In my talk, I will bridge this gap, speaking to both audiences, discussing the challenges and opportunities posed by applying data science to security, demonstrating exciting results achieved by my research group, and empowering attendees to apply security data science in new and powerful ways. The first part of the talk will provide a non-mathematical overview of security data science, introducing state of the art data visualization and the big three machine learning tasks (classification, clustering and regression). For each of the topics, I will give examples of how my colleagues and I have successfully applied the topic to problems like attack detection, threat intelligence, malware analysis and scalable malware analytics.The second part of the talk will cover both major security-specific data science challenges and solutions to these challenges. One challenge is that malicious activity exists as a needle in the haystack of terabytes of benign data, causing textbook data science methods, which are often not designed for such scenarios, to generate reams of false positives. Another challenge is the inevitable lack of access to 0-day attack data with which to train machine-learning approaches. I will go over multiple mitigations for both of these problems, including statistical methods designed to generalize to new attacks and minimize false positives, and will show how these methods have performed impressively in detecting 0-day malware in my groups work.The third part of my talk will address security data visualization, discussing my groups ongoing and past log visualization, malware analysis visualization, and threat intelligence visualization work [4][5]. In discussing this work I will describe how we use machine-learning approaches to address a challenge unique to security data visualization: the semantic gap between low-level security data and the high-level activity we actually care about. In summary, my talk will explore the emerging and exciting world of security data science, discussing opportunities, challenges and effective approaches. My goal is that attendees leave the talk excited about the possibilities of applying data science to their own security related work, newly aware of the pitfalls of this area, and more knowledgeable about solutions to these pitfalls.

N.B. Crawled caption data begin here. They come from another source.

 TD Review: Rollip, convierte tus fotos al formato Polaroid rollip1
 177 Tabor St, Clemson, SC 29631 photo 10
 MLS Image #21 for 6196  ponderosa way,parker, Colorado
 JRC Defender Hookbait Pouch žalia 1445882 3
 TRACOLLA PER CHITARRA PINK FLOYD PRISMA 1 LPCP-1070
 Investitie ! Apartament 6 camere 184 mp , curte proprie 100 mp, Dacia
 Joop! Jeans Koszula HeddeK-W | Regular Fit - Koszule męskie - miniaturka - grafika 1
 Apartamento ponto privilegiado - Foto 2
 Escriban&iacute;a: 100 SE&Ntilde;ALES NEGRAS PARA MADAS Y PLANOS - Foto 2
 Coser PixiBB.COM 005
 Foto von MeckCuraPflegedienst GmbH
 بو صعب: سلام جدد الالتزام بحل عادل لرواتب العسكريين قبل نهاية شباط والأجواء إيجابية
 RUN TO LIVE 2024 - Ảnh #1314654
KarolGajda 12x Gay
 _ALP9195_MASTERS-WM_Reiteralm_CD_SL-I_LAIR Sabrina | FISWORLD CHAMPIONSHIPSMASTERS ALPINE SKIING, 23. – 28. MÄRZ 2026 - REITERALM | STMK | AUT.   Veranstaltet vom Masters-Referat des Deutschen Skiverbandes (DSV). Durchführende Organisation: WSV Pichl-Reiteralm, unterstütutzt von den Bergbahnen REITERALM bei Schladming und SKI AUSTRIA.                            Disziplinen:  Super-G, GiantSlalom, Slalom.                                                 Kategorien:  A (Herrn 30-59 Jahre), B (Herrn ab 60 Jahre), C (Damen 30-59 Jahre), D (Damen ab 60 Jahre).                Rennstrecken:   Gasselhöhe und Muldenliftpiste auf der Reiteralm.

Joshua Saxe directs Invincea Labs' data science research group, whose focus is researching and developing breakthrough security data science technologies. Highlights of his work at Invincea have included leading the development of a system that automatically discovers and visualizes malware genealogical relationships, and leading the development of novel data science approaches for detecting, analyzing and visualizing both malware and malicious network behavior. Prior to starting at Invincea, Josh served as lead research engineer at Applied Minds, an inter-disciplinary technology think-tank, where he led a two-year research project focused on applying machine learning and data visualization to the problem of modeling enterprises' cybersecurity vulnerabilities.